ATHENES (AFP) - Nouveau roi du sprint après sa victoire sur le 100 m des Jeux olympiques d'Athènes, l'Américain Justin Gatlin, 22 ans, ambitionne de devenir le plus grand sprinteur de tous les temps après avoir surmonté une maladie de déficit de l'attention.

"Avant le coup de feu, je savais qu'il fallait rester concentré pour prendre un bon départ", raconte Gatlin, vainqueur en 9 sec 85/100 de la finale olympique la plus dense de l'histoire, après un excellent départ qui lui a permis de résiter sur le fil à ses adversaires.

Pourtant, la concentration a justement été le problème majeur de la vie de ce "bébé" de 1,85 m pour 83 kg, selon l'expression de sa mère Janette présente dimanche dans les tribunes du Stade olympique.

"Quand il était en CM1, la maîtresse a constaté qu'en plein milieu d'un contrôle, il pouvait se mettre à regarder les oiseaux et oublier son devoir.
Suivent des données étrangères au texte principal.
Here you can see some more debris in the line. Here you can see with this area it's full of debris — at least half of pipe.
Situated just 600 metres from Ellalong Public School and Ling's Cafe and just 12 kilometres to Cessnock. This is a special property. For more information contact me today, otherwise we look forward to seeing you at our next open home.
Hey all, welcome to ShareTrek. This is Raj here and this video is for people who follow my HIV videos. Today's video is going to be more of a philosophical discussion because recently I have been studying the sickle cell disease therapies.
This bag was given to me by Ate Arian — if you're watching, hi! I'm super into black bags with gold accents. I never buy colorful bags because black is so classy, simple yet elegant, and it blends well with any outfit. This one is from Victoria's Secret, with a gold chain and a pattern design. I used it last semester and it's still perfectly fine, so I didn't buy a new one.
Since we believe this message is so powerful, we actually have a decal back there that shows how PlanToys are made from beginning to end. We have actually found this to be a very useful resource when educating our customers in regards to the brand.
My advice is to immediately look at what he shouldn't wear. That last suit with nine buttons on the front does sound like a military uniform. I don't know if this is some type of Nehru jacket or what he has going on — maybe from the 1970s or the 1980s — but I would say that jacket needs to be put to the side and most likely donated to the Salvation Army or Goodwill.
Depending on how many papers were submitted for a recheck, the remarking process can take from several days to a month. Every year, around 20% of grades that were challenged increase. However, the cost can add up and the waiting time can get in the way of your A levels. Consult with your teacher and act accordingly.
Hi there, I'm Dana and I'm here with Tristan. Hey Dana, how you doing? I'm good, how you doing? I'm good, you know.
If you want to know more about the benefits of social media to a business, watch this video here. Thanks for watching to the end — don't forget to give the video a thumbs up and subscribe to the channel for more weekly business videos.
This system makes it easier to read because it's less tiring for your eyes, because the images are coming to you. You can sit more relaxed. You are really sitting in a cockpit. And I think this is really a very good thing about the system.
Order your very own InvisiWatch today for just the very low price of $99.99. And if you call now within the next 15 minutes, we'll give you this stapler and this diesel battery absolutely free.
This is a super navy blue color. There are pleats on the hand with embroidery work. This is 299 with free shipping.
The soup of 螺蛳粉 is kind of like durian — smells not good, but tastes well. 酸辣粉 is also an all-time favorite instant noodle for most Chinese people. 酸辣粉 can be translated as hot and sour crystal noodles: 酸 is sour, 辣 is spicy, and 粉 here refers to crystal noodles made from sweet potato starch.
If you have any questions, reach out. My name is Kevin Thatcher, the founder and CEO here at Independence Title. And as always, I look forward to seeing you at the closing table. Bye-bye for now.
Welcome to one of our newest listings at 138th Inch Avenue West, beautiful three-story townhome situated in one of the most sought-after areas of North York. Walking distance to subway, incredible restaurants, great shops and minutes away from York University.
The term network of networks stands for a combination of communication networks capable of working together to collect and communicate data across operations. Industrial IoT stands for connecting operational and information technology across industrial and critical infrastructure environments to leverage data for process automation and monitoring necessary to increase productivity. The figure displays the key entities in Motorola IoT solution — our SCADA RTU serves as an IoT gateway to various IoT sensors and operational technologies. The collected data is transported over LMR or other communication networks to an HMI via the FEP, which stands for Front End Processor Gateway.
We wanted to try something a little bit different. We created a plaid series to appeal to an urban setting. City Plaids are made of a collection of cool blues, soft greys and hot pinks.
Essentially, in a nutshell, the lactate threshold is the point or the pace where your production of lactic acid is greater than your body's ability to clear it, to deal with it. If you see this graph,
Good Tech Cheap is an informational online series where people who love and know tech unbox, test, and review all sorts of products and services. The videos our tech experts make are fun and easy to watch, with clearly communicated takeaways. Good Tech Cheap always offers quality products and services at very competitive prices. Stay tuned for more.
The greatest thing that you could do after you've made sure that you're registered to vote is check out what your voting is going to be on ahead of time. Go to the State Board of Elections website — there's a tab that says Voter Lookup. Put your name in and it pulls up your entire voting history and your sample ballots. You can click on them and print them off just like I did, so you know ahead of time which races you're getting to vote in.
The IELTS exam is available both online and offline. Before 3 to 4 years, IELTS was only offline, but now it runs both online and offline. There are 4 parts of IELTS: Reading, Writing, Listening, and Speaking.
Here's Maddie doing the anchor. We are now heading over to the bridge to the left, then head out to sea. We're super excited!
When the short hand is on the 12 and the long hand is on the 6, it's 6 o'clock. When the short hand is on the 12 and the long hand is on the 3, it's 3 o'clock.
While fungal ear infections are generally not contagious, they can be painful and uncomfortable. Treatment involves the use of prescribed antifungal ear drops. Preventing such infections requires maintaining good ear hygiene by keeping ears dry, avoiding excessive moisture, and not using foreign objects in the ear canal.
On a ensuite détecté qu'il souffrait d'ADD (Attention disorder deficit)", raconte son père Willie, 60 ans, ancien militaire aujourd'hui surveillant dans un lycée.

Hyperactif

Les parents se doutaient déjà que leur cadet de quatre enfants était un hyperactif.

"Quand j'étais jeune, il fallait que je me dépense: je montais sur la télévision, je sautais, je jouais à Jungle Jim dans la rue, je sautais au-dessus des bouches d'incendie...", explique Justin, qui a découvert l'athlétisme sur le tard, après avoir longtemps voulu jouer au football américain, sport qu'il n'a abandonné qu'après des mots avec l'entraîneur de l'équipe de Pensacola (Floride) où sa famille avait déménagé.

Il commence alors l'athlétisme vers 1998. Enchaînant 100 m, 200 m, relais et même les haies au sein d'une équipe du lycée où ne figurent que trois autres coureurs, il ramène le titre de l'Etat par équipes en 2000. Quelque mois plus tard, passé à l'université du Tennessee, il domine les Championnats universitaires.

"Je dédie ce titre à Jay Cormier, l'entraîneur (du lycée) qui a tout de suite vu que j'avais l'étoffe d'un champion du monde... Pardon, d'un champion olympique", dit-il.

La distraction de Gatlin lui joue le plus mauvais tour de sa carrière. En 2001, il est contrôlé positif en raison de produits qui se trouvent dans son médicament: Adderall.

"Coureur propre"

Suspendu début 2002 puis requalifié en juillet de la même année pour motifs médicaux, Gatlin n'a plus droit à son traitement mais jure: "Je suis un vrai coureur propre. Je travaille dur, je m'entraîne six heures par jour, à courir, à soulever des poids... Il y a des tragédies dans ce sport (à cause du dopage) mais moi je peux sortir sur la piste avec le sourire."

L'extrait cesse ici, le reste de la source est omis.